La Influencia détonne par son caractère sobre, dépouillé et minimaliste. A mi-chemin entre la fiction et le documentaire, le long-métrage s’apparente plus ou moins à un film de famille. Les décors sont réels, les événements ordinaires. Les rares dialogues, de leur côté, renvoient à des propos banals échangés par une mère et ses enfants. Restreignant le nombre de ses personnages, Aguilera, de plus, les fait jouer par des acteurs non professionnels. Les enfants dans le film sont réellement ceux de leur mère. Loin de rendre la réalité plus expressive qu’elle ne se donne par nature, Aguilera s’efforce, tout simplement, de la décalquer telle quelle.

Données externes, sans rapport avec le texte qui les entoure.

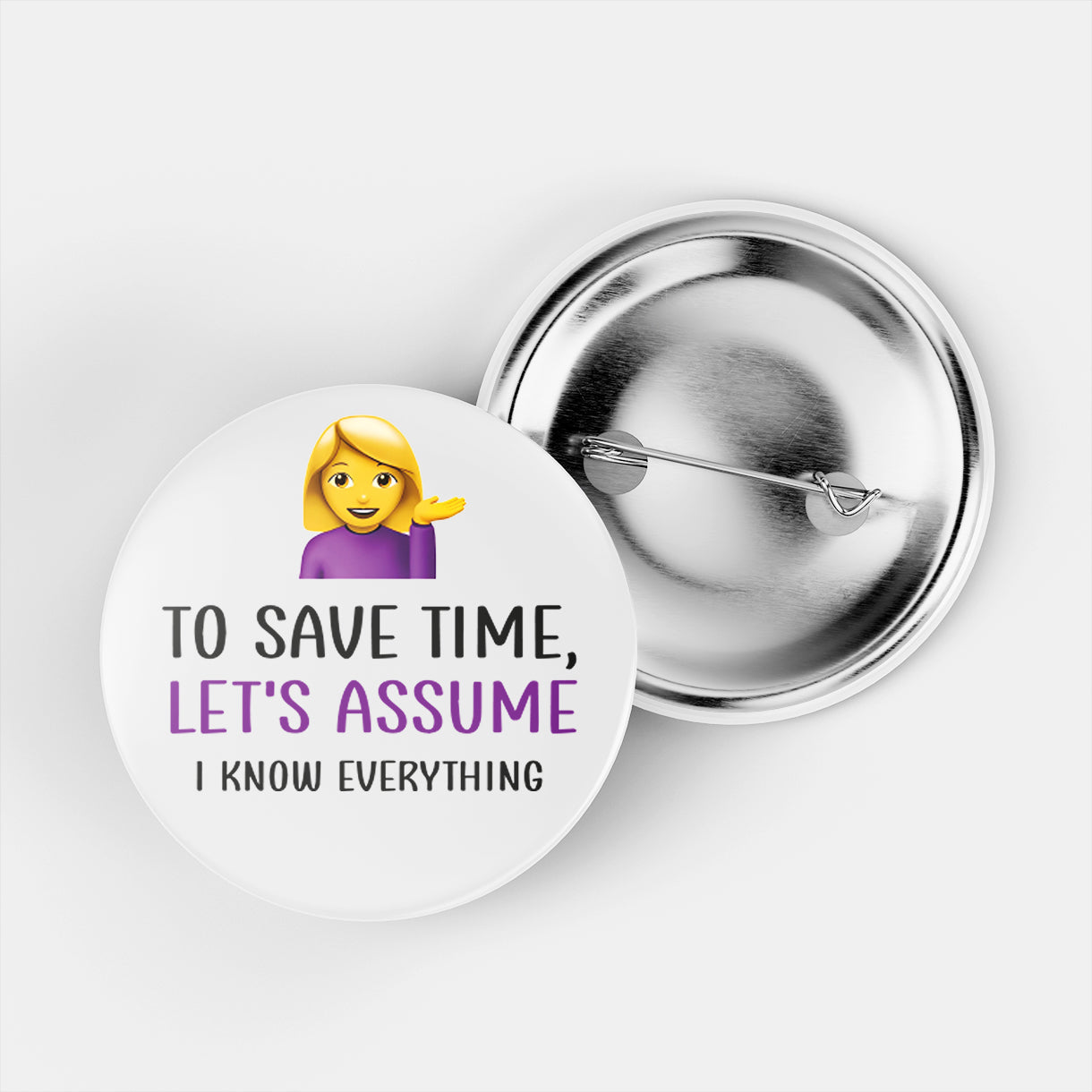 Mrs Know It All Pin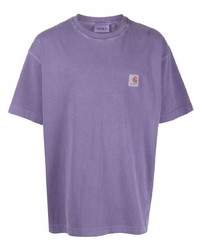 T-shirt girocollo viola chiaro di Carhartt WIP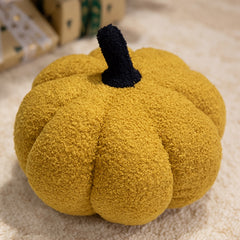 Halloween Striped Pumpkin Plush Toy 3D Fluffy Decoration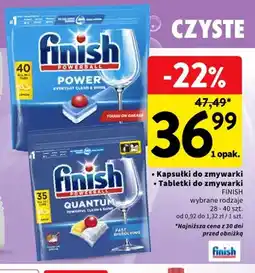 Intermarche Kapsułki do zmywarki Finish Powerball Quantum oferta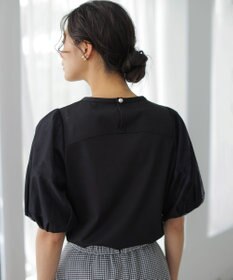 組曲 【WEB限定】コットンポンチ チュールコンビ カットソー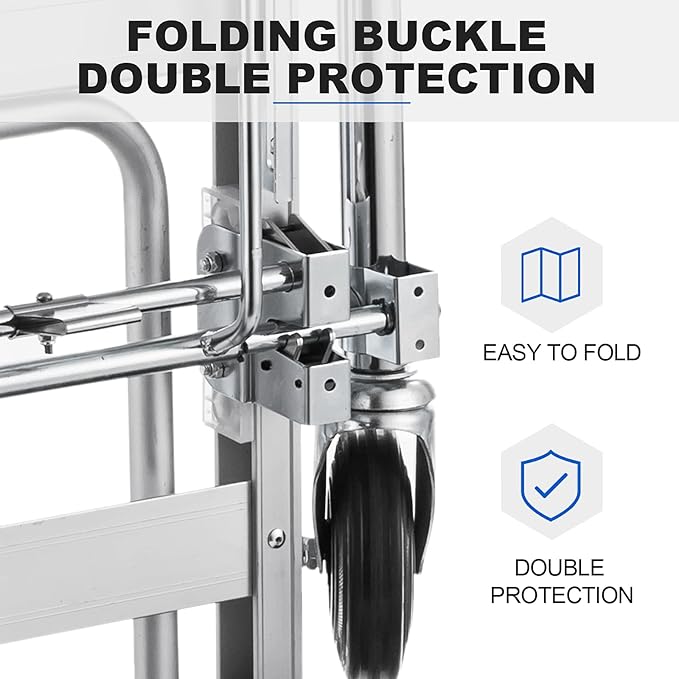 3in1 Aluminum Hand Truck, Convertible Hand Truck Dolly Large Size 1000 lb - Image 6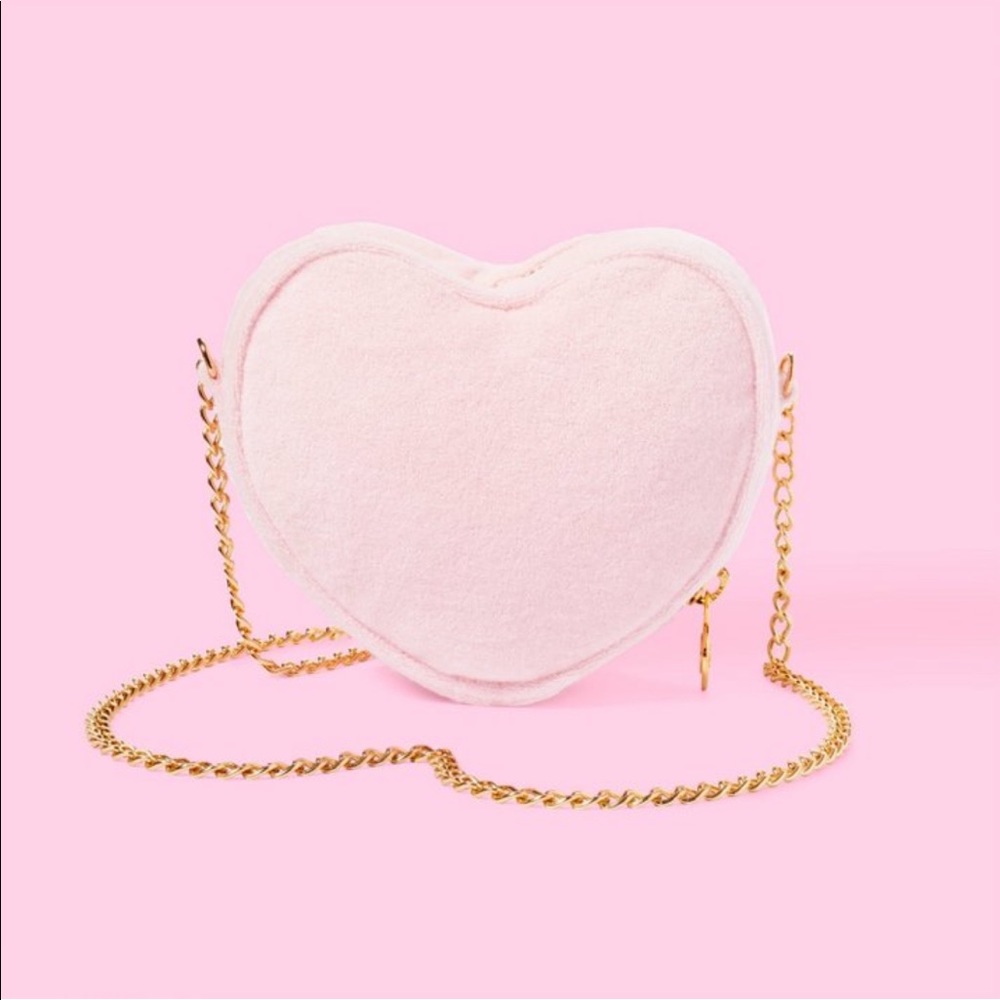 NWT Stoney Clover Lane x Target heart pink crossbody bag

L’enjeu posé par La influencia revient à s’immiscer dans un foyer et à filmer les relations qui le composent. D’emblée, l’accent se porte sur l’ennui ressenti par la mère esseulée sur son lieu de travail. Constamment inactif, le personnage sombre peu à peu dans une apathie dépressive. Le désœuvrement dont elle est victime contamine par la suite ses enfants. Libérés de l’autorité maternelle, ceux-ci mènent une vie oisive et sans contraintes et finissent progressivement par voler de leurs propres ailes, par transpercer l’enveloppe du monde qui les protège.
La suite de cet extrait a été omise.